- **Brief**: Pictures stay out of the copy. Transcribe exactly the lines from the line with "Webcam live Grad Novska" through the final line of the records.
=== Data records ===
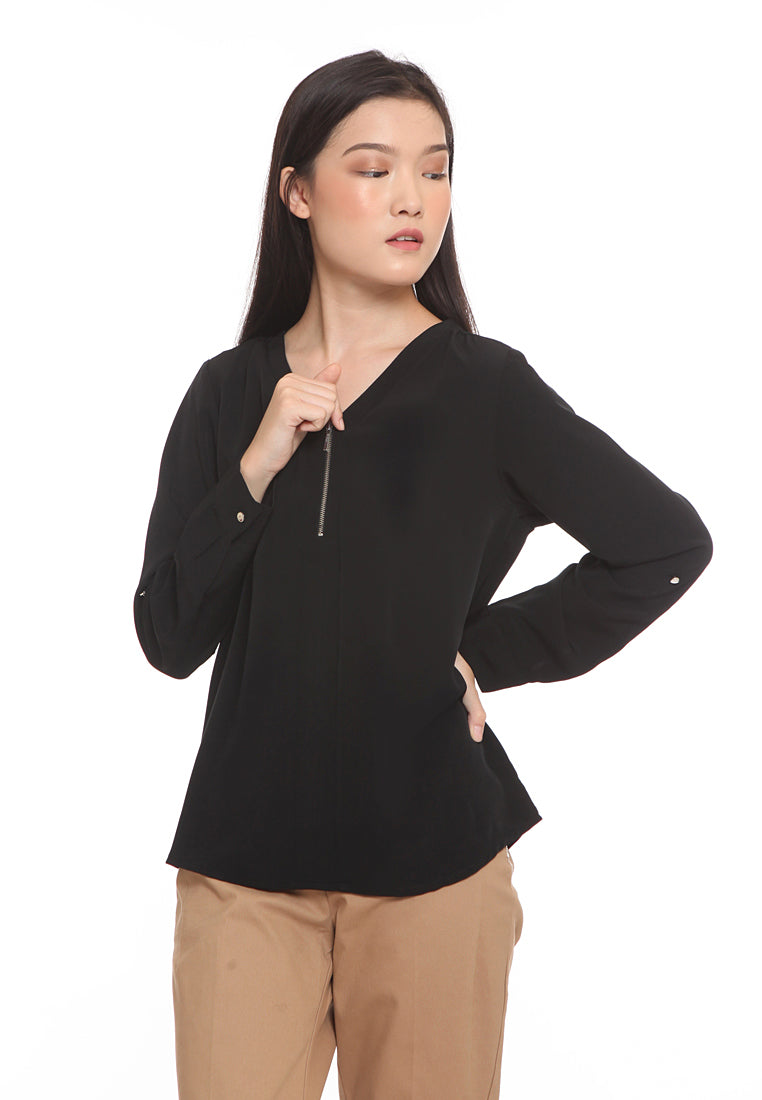 Long Sleeves Blouse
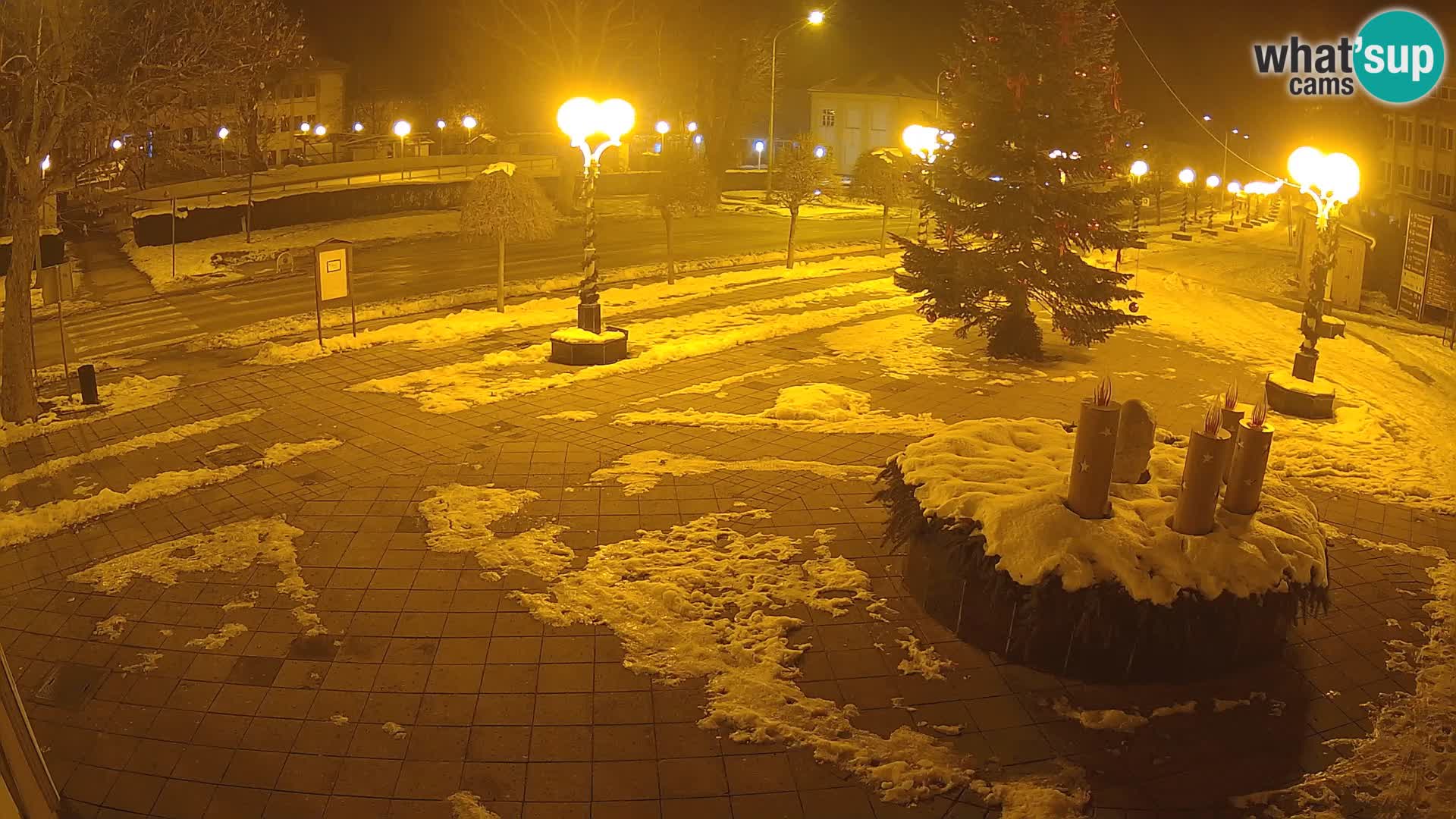 Webcam live Grad Novska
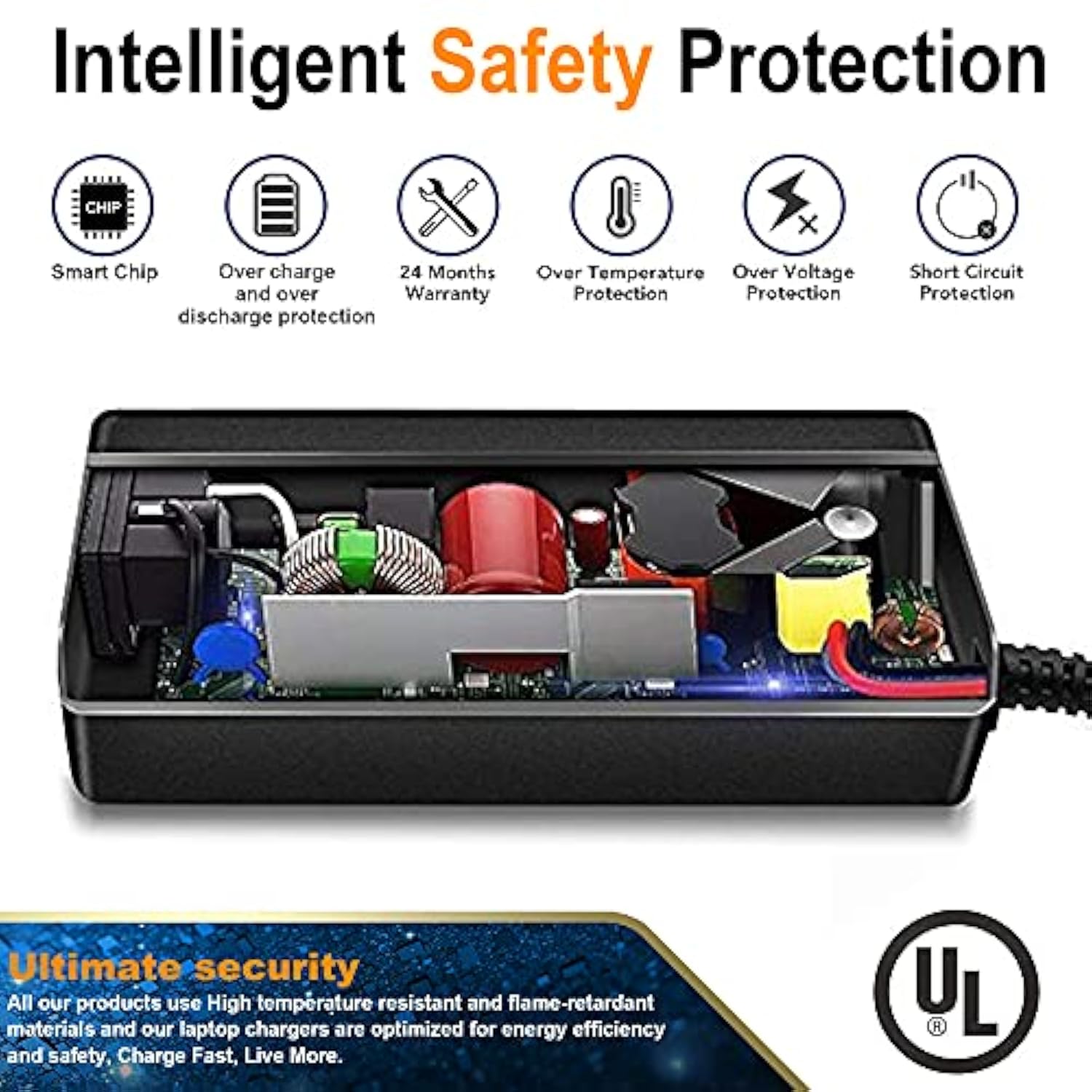 135W Laptop Charger For Acer Nitro 5 An515-51 An515-41 An515-53 An515-54 An515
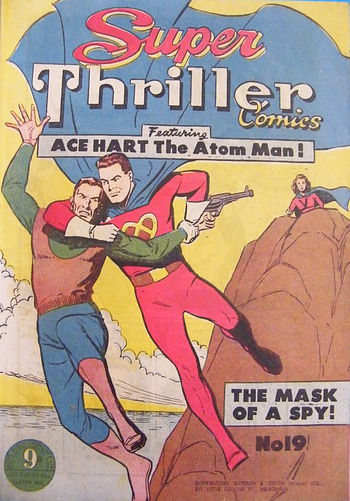 Super Thriller Comics (Atlas, 1954? series) #19 ([December 1954?])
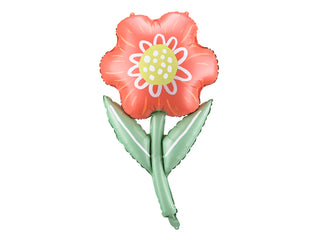 Flower with Stem Shape Balloon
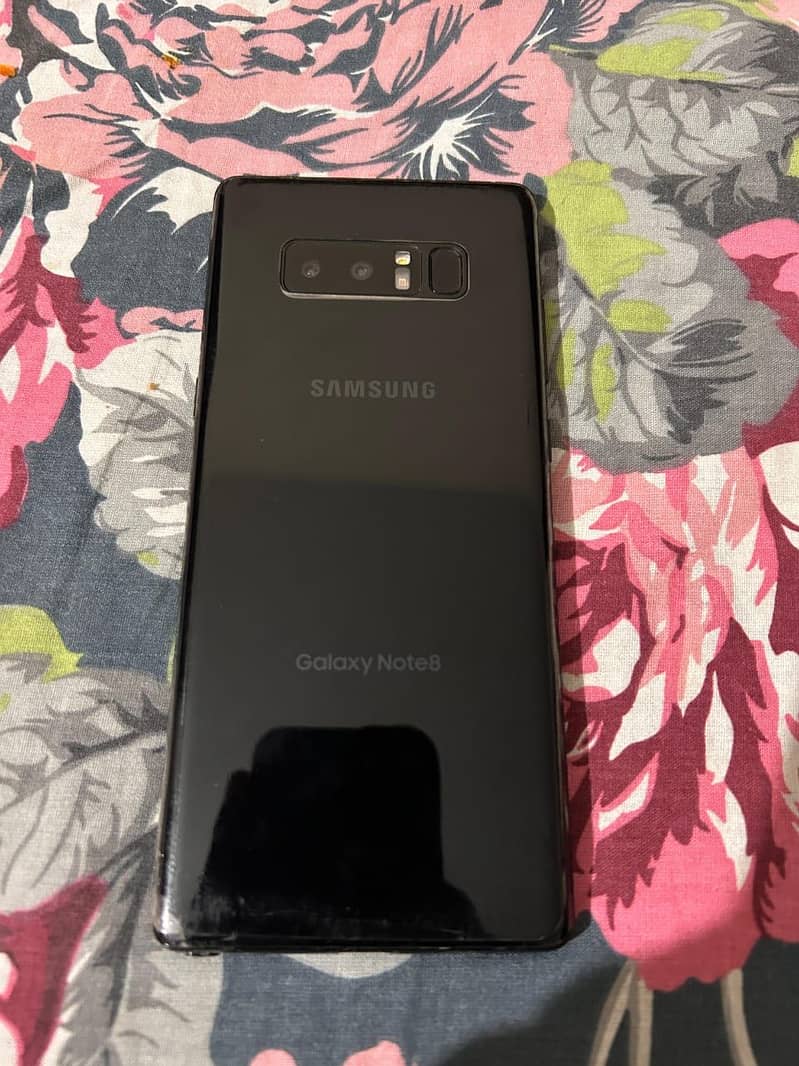 Samsung Mobile Note 8 1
===
- **Answer space**:
 Webcam live Grad Novska
 135W Laptop Charger For Acer Nitro 5 An515-51 An515-41 An515-53 An515-54 An515
 Super Thriller Comics (Atlas, 1954? series) #19 ([December 1954?])
 Flower with Stem Shape Balloon
 Samsung Mobile Note 8 1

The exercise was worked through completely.